The ‘power’ in a name is held by both those in a position to come up with the name and those who see themselves reflected in that name. In the past, the name was decided and voted on by the primarily white, male officers and group members. This led to name choices like the Gay Student Union in 1983, despite the word ‘lesbian’ being popularized in the 1960s and 70s. Lesbians were always very much a part of the GSU, despite not initially holding officer positions or seeing themselves directly reflected in the name of their organization itself.
Ultimately, the shifts in the name tell a story of power and representation. The steady shift to use more inclusive language suggests a graduate shift toward greater respect and equality among the different queer constituencies.
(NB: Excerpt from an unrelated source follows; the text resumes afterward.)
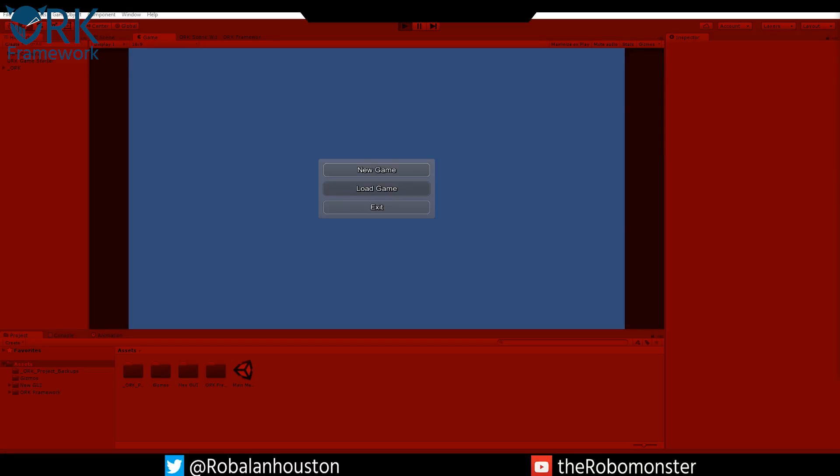Hello and welcome to the ORK Framework tutorial series. Today I'm going to cover a requested video that will be a short primer for the new UI with the ORK Framework.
Whether that vision has been fully realized with the current organization name, Spectrum, is up for debate, but it certainly comes closer than many of the 6 previous names.
The means of collection for the Miller-Stephens Collection were entirely dependent on the efforts of past members resulting in so little materials concerning the Queer Straight Alliance. Another result of this collection method is that queer students who were never a part of this group or left this group are not represented in the materials found within the collection.
It was a common expression for the GSU to say that their membership numbers were not truly indicative of the actual number of queer students on the University of Alabama campus considering an estimated 10% of the general population is queer to some degree. Those students who were either closeted or felt no kinship with the organization represent perspectives absent from this assessment of the University of Alabama’s emerging queer community. Chief among these missing perspectives is that of the Black queer community.
The student organization was primarily white and although race was mentioned in their nondiscrimination policy, there is no evidence that Black students felt particularly welcomed in the group, held leadership positions, or believed that their unique identities were being advocated for. Finding the places where these Black queer students felt safe and built their own community is critical in illuminating the full range of queer student life at the University of Alabama.